Extracted information section start
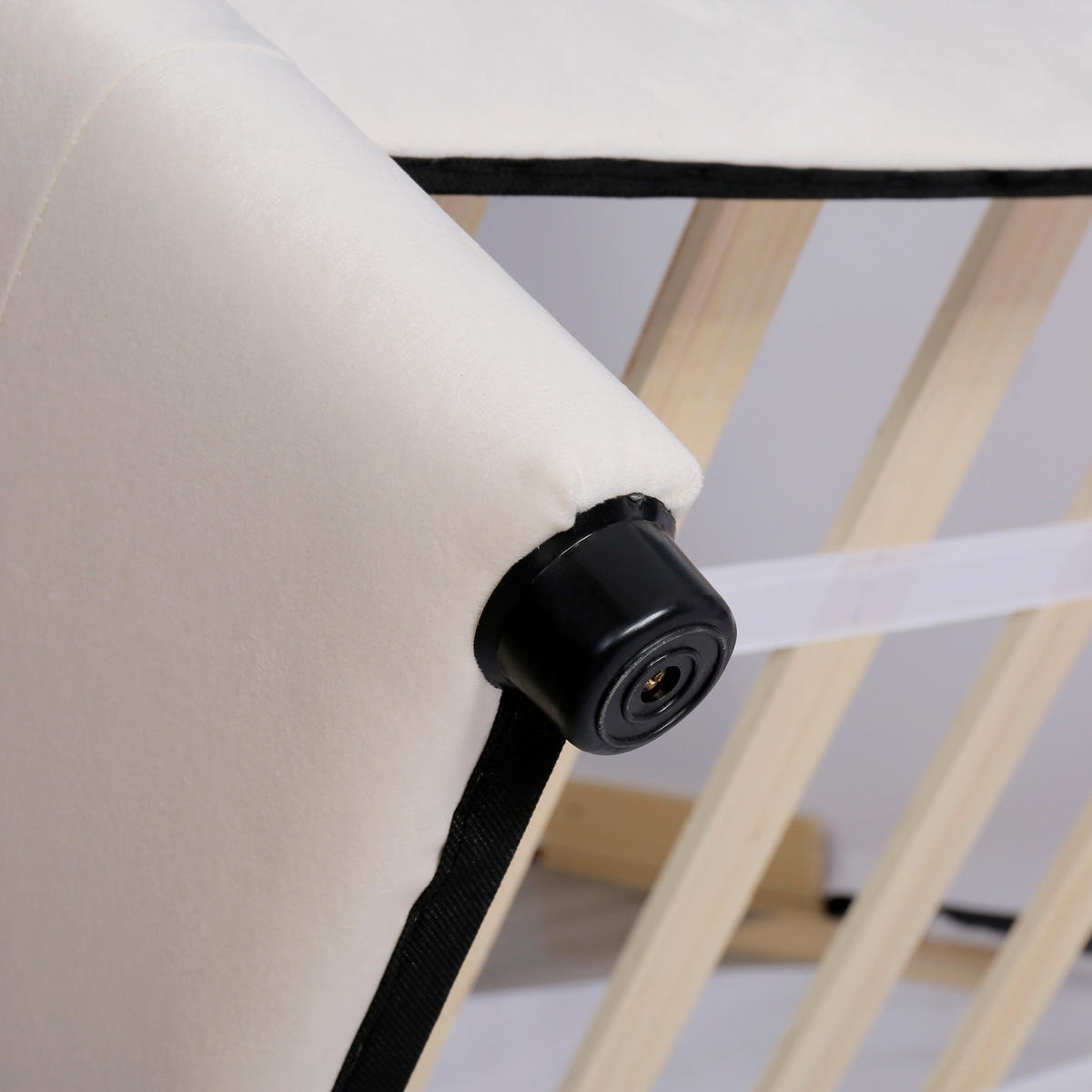 POLSTERBETT 90x200cm Samt, Gepolstertes Bett mit Schublade und verstellbarem Kopfteil - Weiß, Textil (90/200cm) - CASIVA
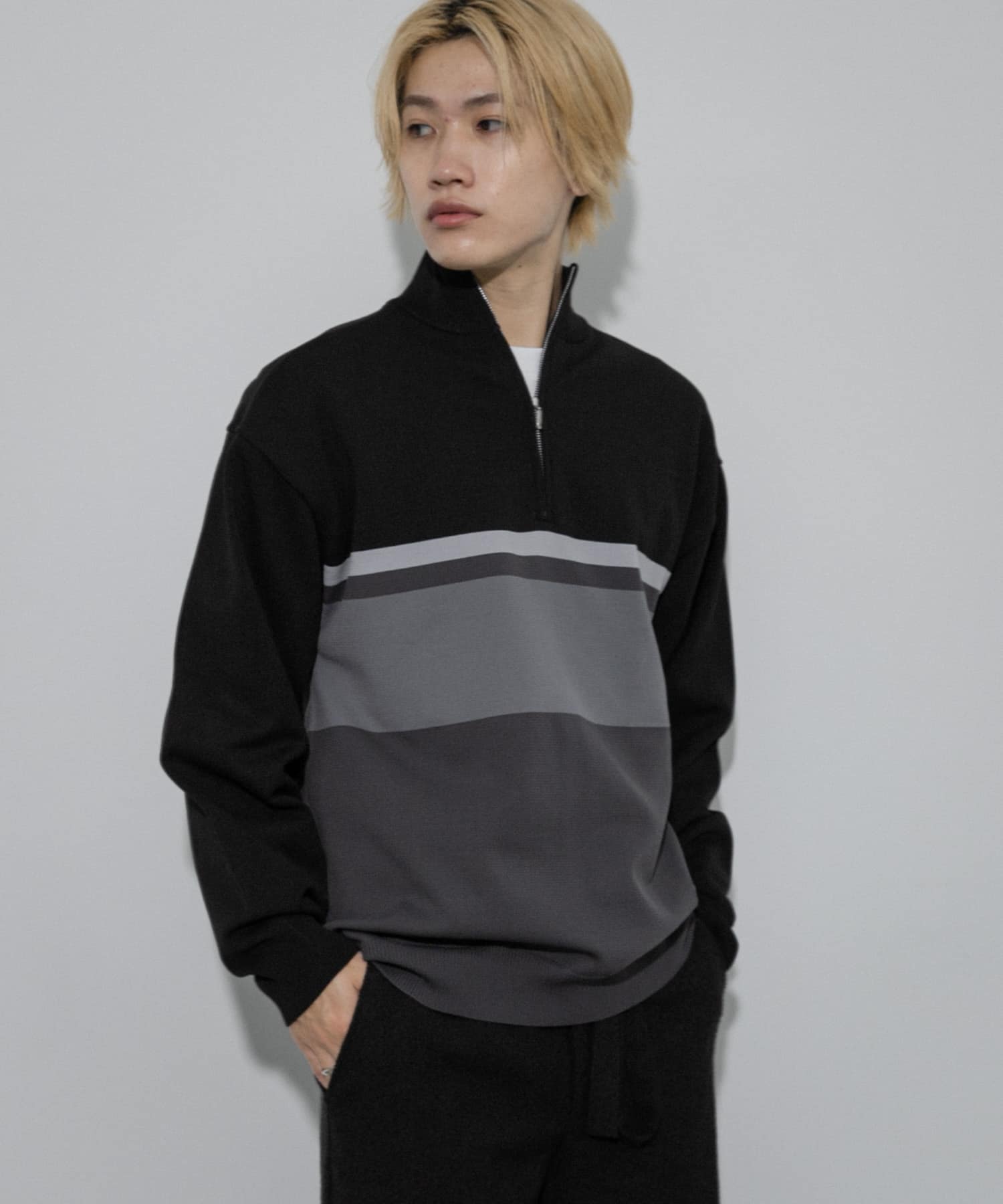 パネルボーダーハーフZIPニット(M BLACK): トップス｜URBAN RESEARCH
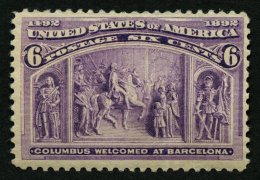 USA 78 **, Scott 235, 1893, 6 C. Columbus-Weltausstellung, Postfrisch, Feinst (kleine Knitter), $ 160 - Used Stamps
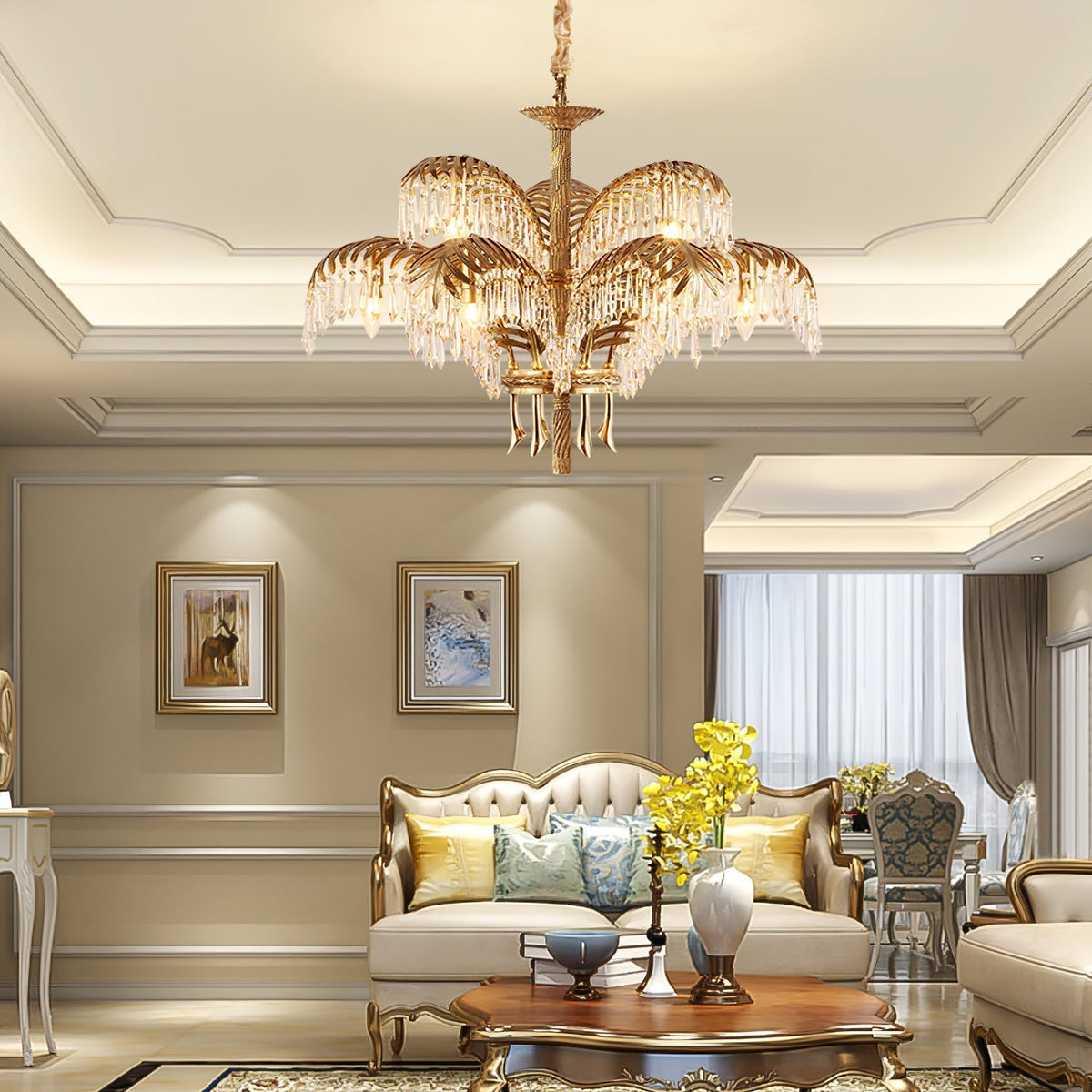 Kilwen Regal -messinki- ja kristallikattokruunu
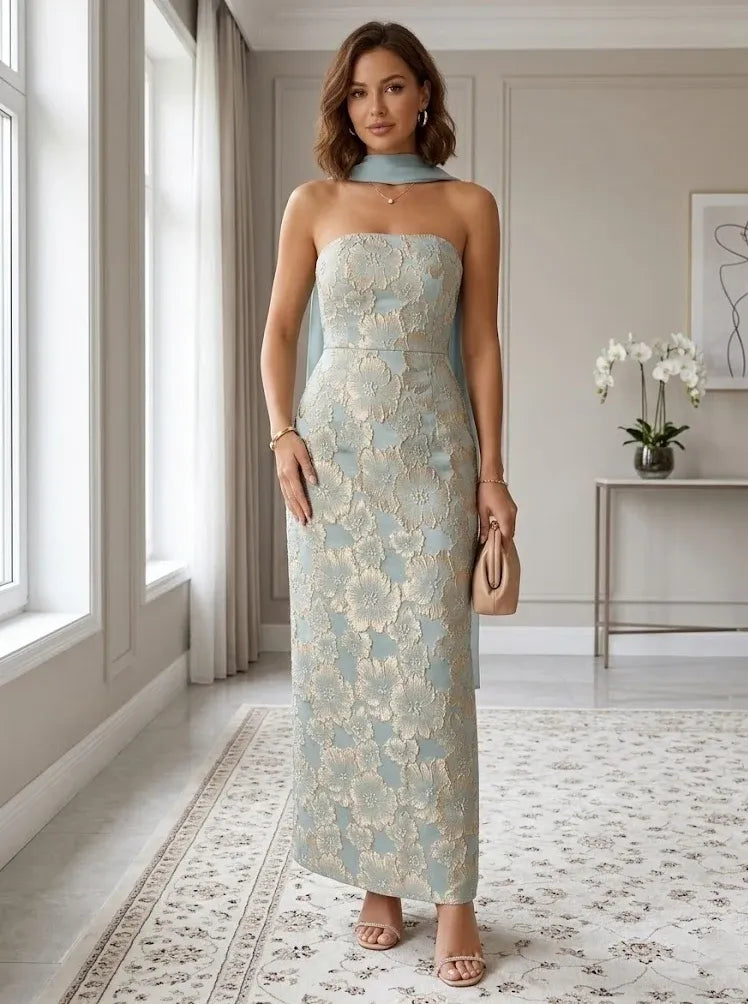 Elegant Sheath Strapless Sleeveless Closed-Back Maxi Wedding Guest Dress
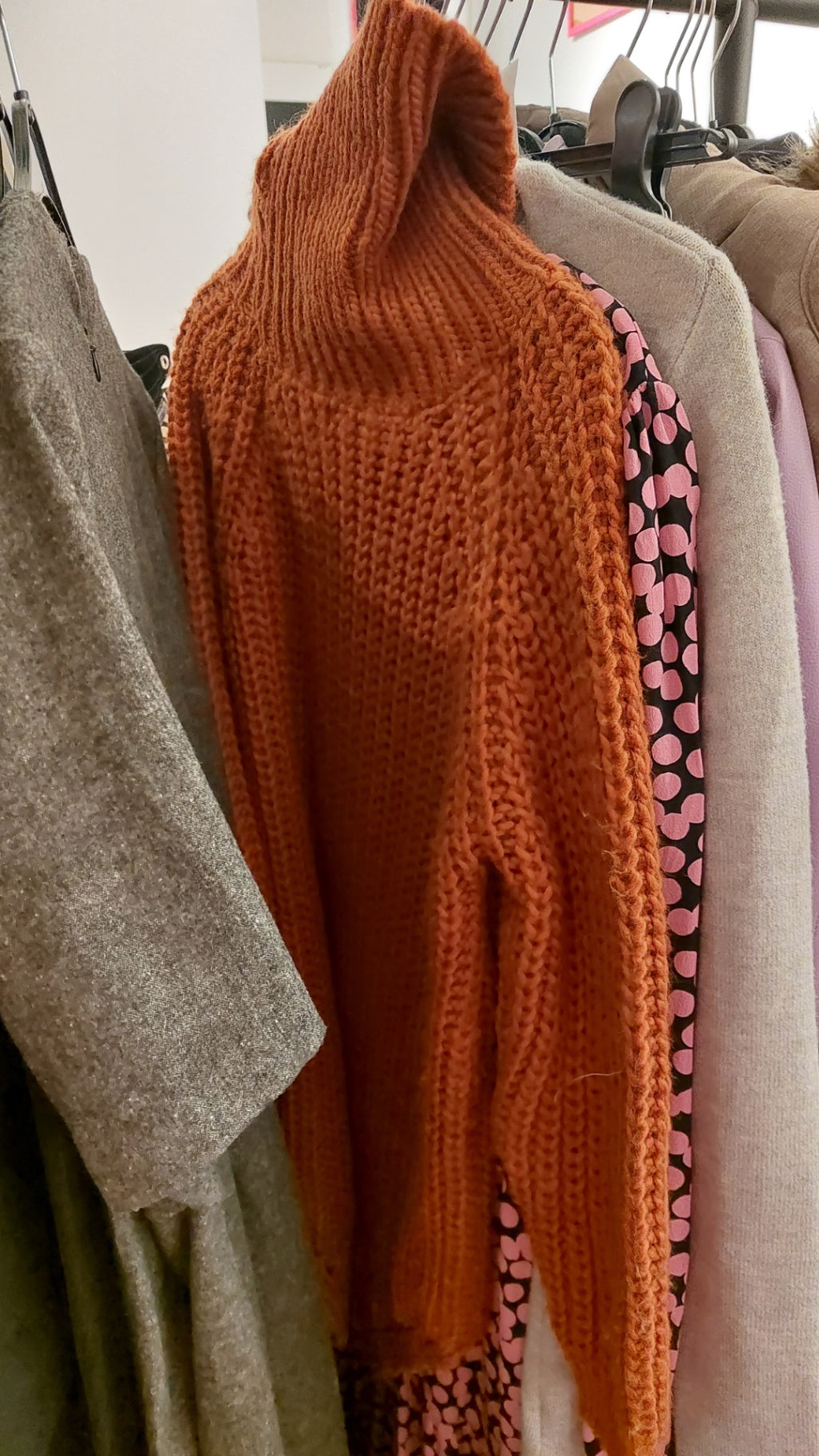 Rollkragenpulli Orange Größe: S - M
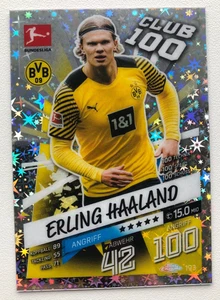 2021-22 Topps Match Attax Chrome - Erling Haaland X-Fractor Club 100 #193 - Bild 1 von 1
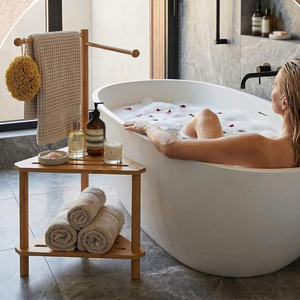 Bamboo <b>bathroom</b> shower <b>stool</b> with towel rack, <b>bathroom</b> footstool, solid wood <b>bathroom</b> storage shelf, shower <b>stool</b> for the - Product Image 4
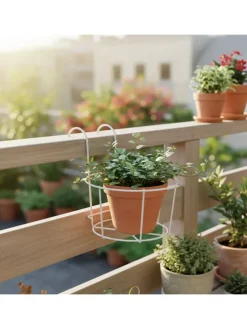 4 x Hängeblumentopf in Weiß - (B)20 x (H)21 x (T)26 cm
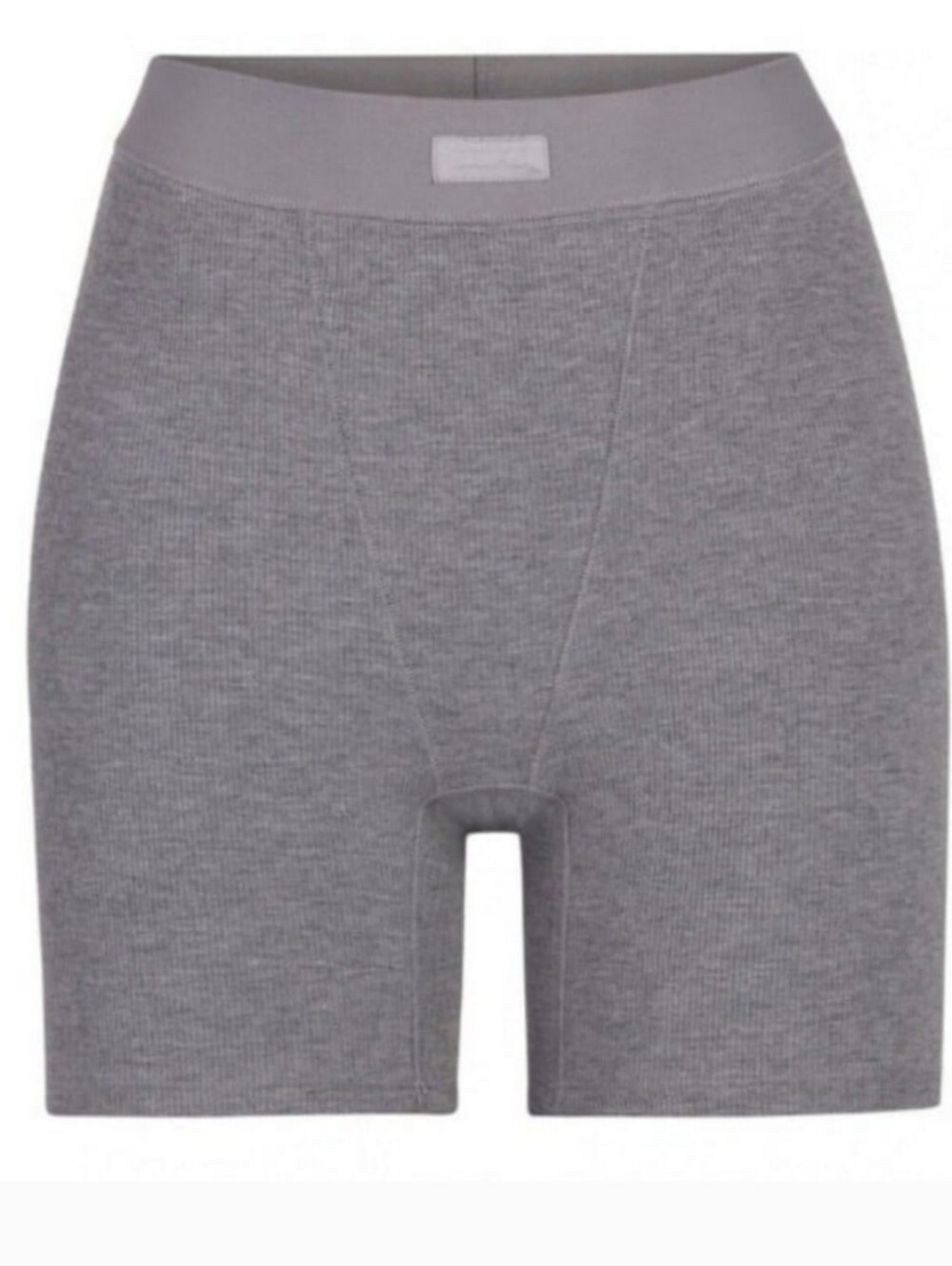 Skims Cotton Ribbed Brief Boxer Short Heather Grey Size Extra Small XS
Extracted information section end
◆ **Instructions for the task**:
In the copy, include each line from the start of the material through the line with "Kilwen Regal -messinki- ja", word for word, but none of the pictures.

◆ **Response**:
 POLSTERBETT 90x200cm Samt, Gepolstertes Bett mit Schublade und verstellbarem Kopfteil - Weiß, Textil (90/200cm) - CASIVA
 パネルボーダーハーフZIPニット(M BLACK): トップス｜URBAN RESEARCH
 USA 78 **, Scott 235, 1893, 6 C. Columbus-Weltausstellung, Postfrisch, Feinst (kleine Knitter), $ 160 - Used Stamps
 Kilwen Regal -messinki- ja kristallikattokruunu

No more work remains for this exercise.